Spring Batch restart functionality not working when using #StepScope - spring-batch

I want to use Spring Batch (v3.0.9) restart functionality so that when JobInstance restarted the process step reads from the last failed chunk point forward. My restart works fine as long as I don't use #StepScope annotation to my myBatisPagingItemReader bean method.
I was using #StepScope so that i can do late binding to get the JobParameters in my myBatisPagingItemReader bean method #Value("#{jobParameters['run-date']}"))
If I use #StepScope annotation on myBatisPagingItemReader() bean method the restart does not work as it creates new instance (scope=step, name=scopedTarget.myBatisPagingItemReader).
If i use stepscope, is it possible for my myBatisPagingItemReader to set the read.count from the last failure to get restart working?
I have explained this issue with example below.
#Configuration
#EnableBatchProcessing
public class BatchConfig {
#Bean
public Step step1(StepBuilderFactory stepBuilderFactory,
ItemReader<Model> myBatisPagingItemReader,
ItemProcessor<Model, Model> itemProcessor,
ItemWriter<Model> itemWriter) {
return stepBuilderFactory.get("data-load")
.<Model, Model>chunk(10)
.reader(myBatisPagingItemReader)
.processor(itemProcessor)
.writer(itemWriter)
.listener(itemReadListener())
.listener(new JobParameterExecutionContextCopyListener())
.build();
}
#Bean
public Job job(JobBuilderFactory jobBuilderFactory, #Qualifier("step1")
Step step1) {
return jobBuilderFactory.get("load-job")
.incrementer(new RunIdIncrementer())
.start(step1)
.listener(jobExecutionListener())
.build();
}
#Bean
#StepScope
public ItemReader<Model> myBatisPagingItemReader(
SqlSessionFactory sqlSessionFactory,
#Value("#{JobParameters['run-date']}") String runDate)
{
MyBatisPagingItemReader<Model> reader = new
MyBatisPagingItemReader<>();
Map<String, Object> parameterValues = new HashMap<>();
parameterValues.put("runDate", runDate);
reader.setSqlSessionFactory(sqlSessionFactory);
reader.setParameterValues(parameterValues);
reader.setQueryId("query");
return reader;
}
}
Restart Example when I use #Stepscope annotation to myBatisPagingItemReader(), the reader is fetching 5 records and I have chunk size(commit-interval) set to 3.
Job Instance - 01 - Job Parameter - 01/02/2019.
chunk-1:
- process record-1
- process record-2
- process record-3
writer - writes all 3 records
chunk-1 commit successful
chunk-2:
process record-4
process record-5 - Throws and exception
Job completes and set to 'FAILED' status
Now the Job is Restarted again using same Job Parameter.
Job Instance - 01 - Job Parameter - 01/02/2019.
chunk-1:
process record-1
process record-2
process record-3
writer - writes all 3 records
chunk-1 commit successful
chunk-2:
process record-4
process record-5 - Throws and exception
Job completes and set to 'FAILED' status
The #StepScope annotation on myBatisPagingItemReader() bean method creates a new instance , see below log message.
Creating object in scope=step, name=scopedTarget.myBatisPagingItemReader
Registered destruction callback in scope=step, name=scopedTarget.myBatisPagingItemReader
As it is new instance it start the process from start, instead of starting from chunk-2.
If i don't use #Stepscope, it restarts from chunk-2 as the restarted job step sets - MyBatisPagingItemReader.read.count=3.
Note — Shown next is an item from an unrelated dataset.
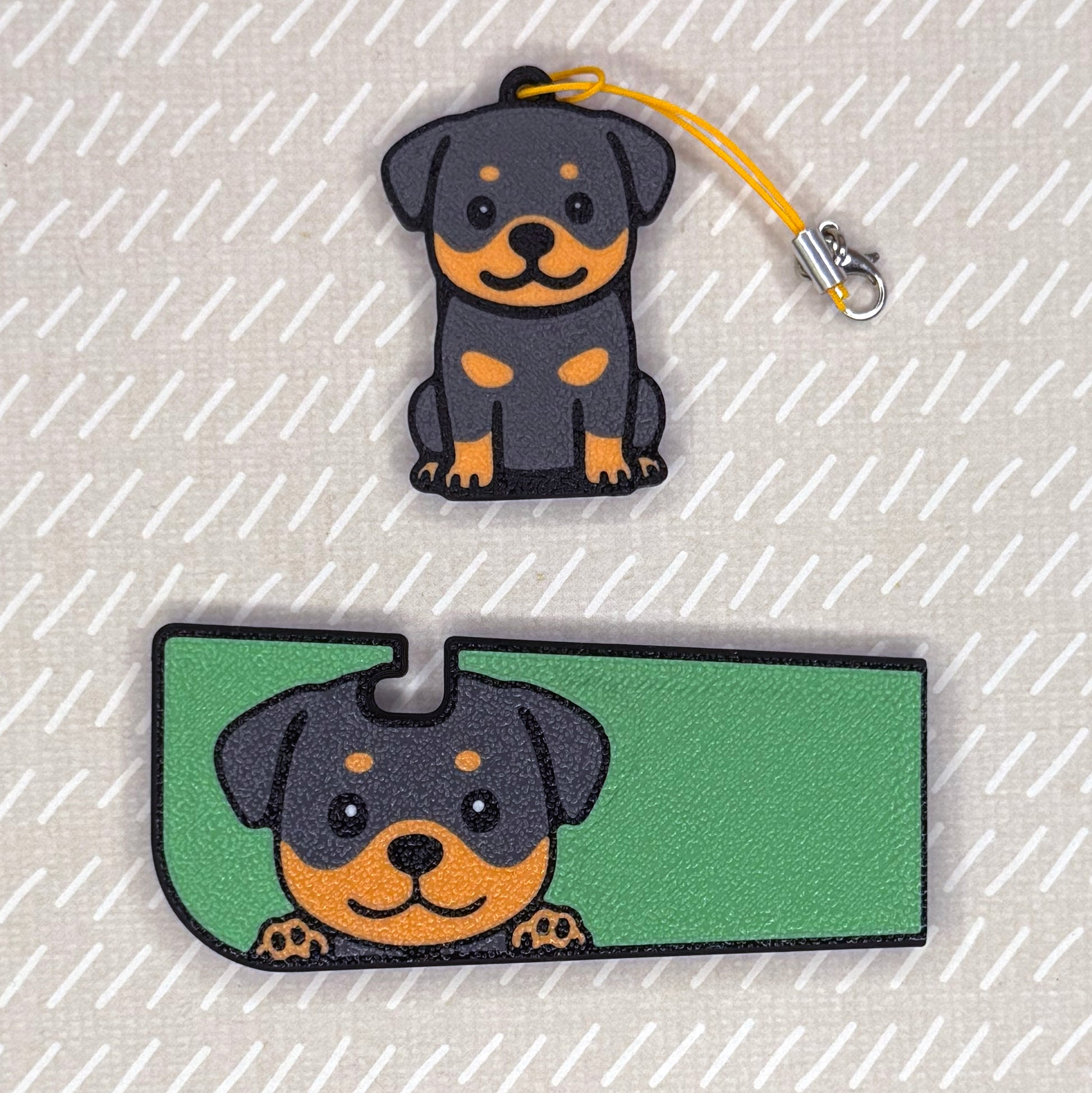 A Rottweiler dog-design Tab Buddy XL and matching soda-sized Tab Buddy rest atop a beige surface.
The issue here is that you are returning an ItemReader instead of the fully qualified class (MyBatisPagingItemReader) or at least ItemStreamReader. When you use Spring Batch's step scope, we create a proxy to allow for late initialization. The proxy is based on the return type of the method (ItemReader in your case). The issue you are running into is that because the proxy is of ItemReader, Spring Batch does not know that your bean also implements ItemStream and it is that interface that enables restartability. By default, Spring Batch will automatically register all beans of type ItemStream for you (you can also explicitly register the beans yourself, but it's typically not needed).
To address your issue, the following should work (note the change in the return type):
#Bean
#StepScope
public MyBatisPagingItemReader<Model> myBatisPagingItemReader(
SqlSessionFactory sqlSessionFactory,
#Value("#{JobParameters['run-date']}") String runDate) {
MyBatisPagingItemReader<Model> reader =
new MyBatisPagingItemReader<>();
Map<String, Object> parameterValues = new HashMap<>();
parameterValues.put("runDate", runDate);
reader.setSqlSessionFactory(sqlSessionFactory);
reader.setParameterValues(parameterValues);
reader.setQueryId("query");
return reader;
}
This is why it is my recommendation that where possible, when using #Bean annotated methods, you should return the most concrete type possible to allow Spring to help as much as possible.

Related

Step ExecutionContext not promoted using Spring Cloud Task on Spring Cloud Data Flow

I successfully deployed a remote partitioned job using Spring Cloud Data Flow and Spring Cloud Task; the installation is based on Kubernetes, so I added the Kubernetes implementation of Spring Cloud Deployer to the project.
But it seems that it's impossible to propagate values from the step execution context of a worker to the job execution context.
The worker tasklet writes some data into the step execution context, which is successfully saved in the "BATCH_STEP_EXECUTION_CONTEXT" table:
#Bean
public Tasklet workerTasklet() {
return new Tasklet() {
#Override
public RepeatStatus execute(StepContribution contribution, ChunkContext chunkContext) throws Exception {
ExecutionContext executionContext = chunkContext.getStepContext()
.getStepExecution()
.getExecutionContext();
Integer partitionNumber = executionContext.getInt("partitionNumber");
System.out.println("This tasklet ran partition UPD1: " + partitionNumber);
executionContext.put(RESULT_PREFIX+partitionNumber, "myResult "+partitionNumber);
return RepeatStatus.FINISHED;
}
};
}
There's an ExecutionPromotionListener which is added during the Step building process:
#Bean
public StepExecutionListener promotionListener() {
ExecutionContextPromotionListener listener = new
ExecutionContextPromotionListener();
listener.setKeys(new String[] {"result0","result1","result2","result3"});
return listener;
}
#Bean
public Step workerStep() {
return this.stepBuilderFactory.get("workerStep")
.tasklet(workerTasklet())
.listener(promotionListener())
.build();
}
The job successfully completes and the work is partitioned properly and executed by 4 Kubernetes pods:
But the expected values are not present in the BATCH_JOB_EXECUTION_CONTEXT table.
Conversley, the step execution context propagation works with a partitioned job in a not cloud environment, for example using a TaskExecutorPartitionHandler.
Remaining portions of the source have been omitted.